第9話あばよーぐっばいん

 とある酒場にて。

 兄ちゃん、ご注文は?

 アツアツを一つ。


 はいよぉっーアツアツいっちょー入りましたぁー。

 なんなら収納魔法ポケットに入りましたァ。

 あっりがとうぅございまーすぅ。


 はいっ、やめて。


 ミーナがポンポンと軽く肩を叩く。

「アルちゃん、大丈夫。時間が経てばまた使えるから」


「良かった。どれくらいで使えるようになるんだ?」


「あの魔法で魔力を半分くらい使った。だから、1ヶ月、くらい?」

 …………長くね?



 さてさて、どうしよう。

 さすがにマリアンをここに置いていく訳にはいかないし、起きるまでの間にまた騎士達に囲まれても面倒だ。
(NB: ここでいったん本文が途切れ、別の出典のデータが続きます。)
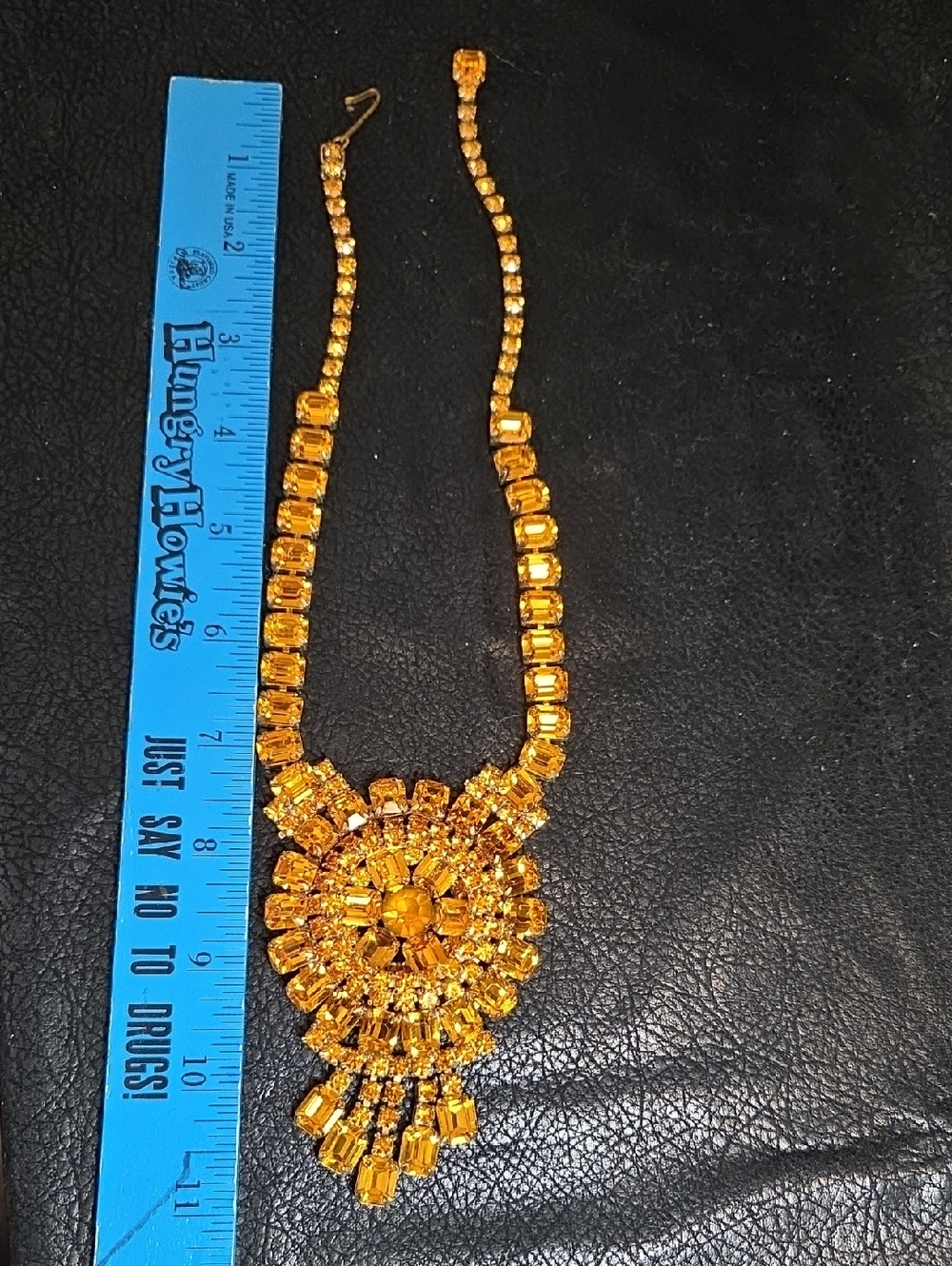 Vintage Amber Crystal Statement Necklace  Stunning Piece - - Picture 5 of 10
「ミーナ、もう帰る。マリアンは騎士に頼んで、街まで運んでもらう。」


 ……帰る?

 あなたが騎士に魔法まで打ち込んで、一番罪が重い気がするのは俺だけか?

 あなたが紛れもなく、一番トラブル引き起こしたよね?


「アルちゃんは街に戻れないし、私一人で問題ない。何より……家に帰りたくなった」


 何そのホームシック発言。


「大丈夫。私がこの危機を救ったと伝える。それに、もしバレて困ったら、アイツを呼ぶ」


「アイツってもしかして、テンションが異様に高い、闘士とうしのアイツ?」

 ミーナはこくこくと頷く。


 悪くはない案だが、それでも帰るのはまずくないか?と思ったらミーナはいつもより大きな声で騎士を呼ぶ。


 お兄ちゃんはもう知らないからな。

 牢獄に入れられて、違うものを入れられてもお兄ちゃんは知ら……その時は、絶対助けに行くからな……。



「マリアンが起きたら、俺の金は1ヶ月後くらいに戻してくれと伝えてくれ」


「わかった。アルちゃんはこれからどこへいくの?」


「バッカンの森を抜け、この国を出る」


 ミーナは最後、グッジョブのポーズを取り、俺は、街とは逆に暗闇を走った。